For me, Helsinki will always be a city of possibilities. It is ever-changing while also preserving the things that make it unique. Just like a good city ought. The downtown area is still littered with cobblestones that have tram tracks fitted in between them. Blocks with buildings dating back to the era of Swedish rule right next to Soviet era monstrosities or nestled next to ultramodern buildings from the 21st century. All of them flanked on all sides by the sea or nature of other description. Which is one of the things that I love about Helsinki. No matter where you go within its borders you are never far from a park. Whether that be the need and tended warns of Esplanad Park, the near natural state swampyness of Lammassaari, or something in between, in the form of the many allotment gardens around the city, or even one of the city’s beautiful cemeteries.

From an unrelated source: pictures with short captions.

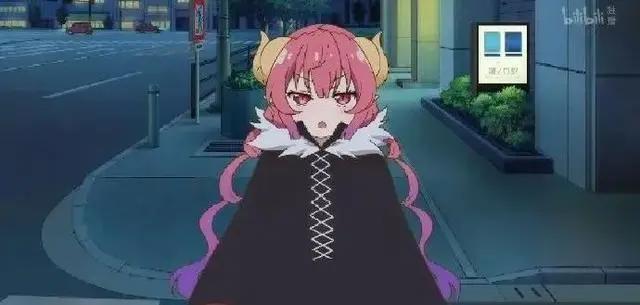 B站超人气动漫尺度过大？画面阉割、马赛克引争议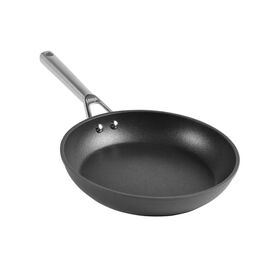 Сковорода Ninja Zerostick Premium 26 см (C30026DE)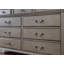 Commode 9 tiroirs Aime-103531711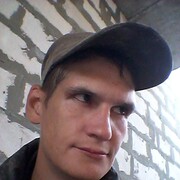  ,   , 37 ,   ,   , c 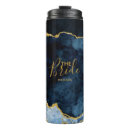 Search for blue agate mugs Marble
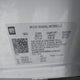 1GNEVFKW8MJ249357 2021 Chevrolet Traverse Awd Ls auction photo thumbnail 9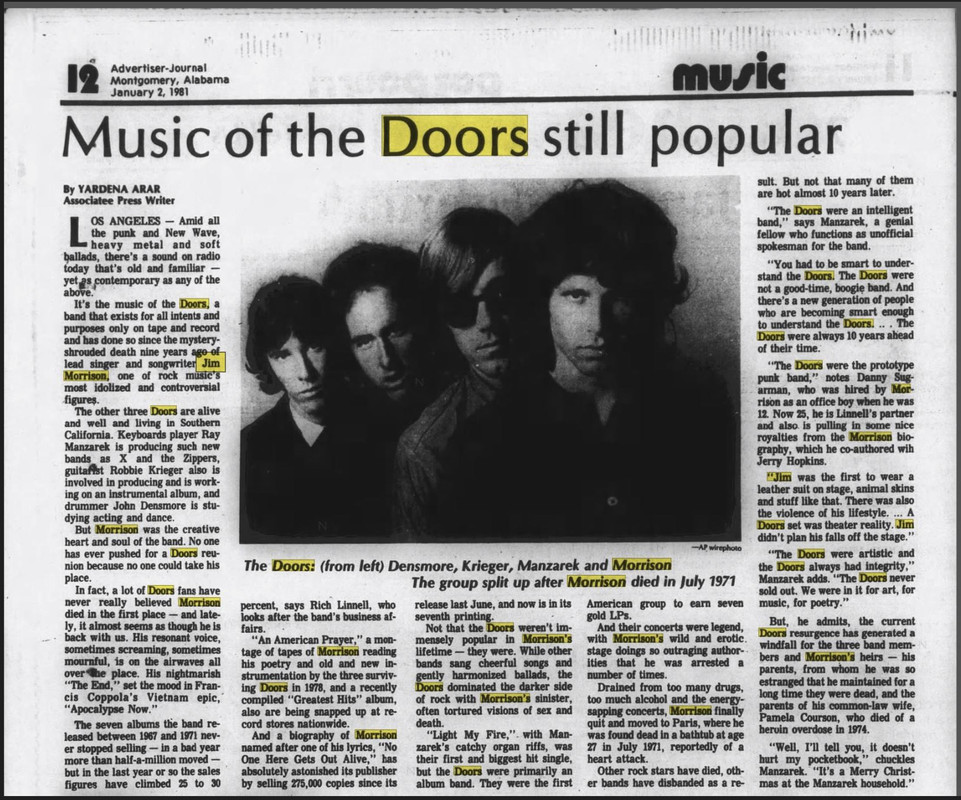 https://i.postimg.cc/Bb7MR0yK/alabama-jour-Montgomery-2-1-81.jpg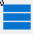 list view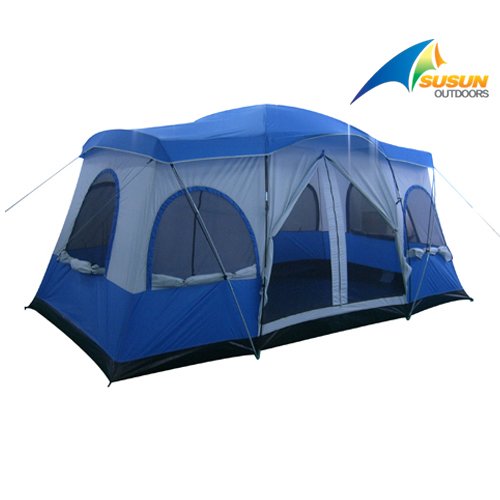 6-person-family-tent
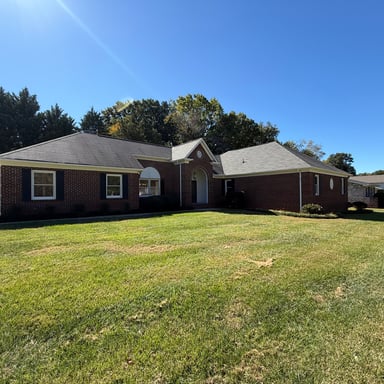 Property photo 1 of 5244 Dayan Dr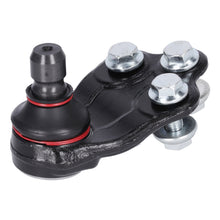 Load image into Gallery viewer, Front Ball Joint Fits Fiat 500X Jeep Renegade Compass OE 51945321 Febi 181373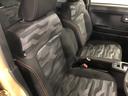 一年保証・走行距離無制限　走行２９７８４キロ　フルセグナビ　ブルートゥース　バックカメラ　ドラレコ　クリアランスソナー　オートライト　ＬＥＤヘッドライト（埼玉県）の中古車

While the people who designed the grid of Helsinki should have used several lessons in logistics and formal logic, the grid they laid out means that you can never escape the wind. There are some places where it’s worse, the bridge connecting the two sides of Pasila and the shore come to mind, the closeness of the sea and the straight lines that wherever you go it will be windy. In the winter this poses a great excuse to pop in to a café for hot chocolate or coffee – something that Finns as a nation seem to do more than anyone. In the summer the wind is a constant companion, a guarantee that you will never boil as you may in other cities.

Beyond the surface there is a solemn kind of quirkiness to Helsinki that other cities lack, in my opinion at least. Whether that be in the form of Linnanmäki, an amusement park in the heart of the city, or the concrete roadblocks shaped like turtles, hippos, or best of all, jaunty pigs painted in a riot of colors. The Finnish word for concrete roadblocks being betonipossu, or concrete pig. This is a serious city that tries very hard not to take itself too seriously.

There are a lot of people do not like Helsinki, many of them for good reasons. But for me it is home, much more so than any other place has ever been, or is likely to ever be. Large to be interesting, and yet small enough to ever feel too crowded. It is, in a word, perfect. Or as close to it as anything real has a right to be.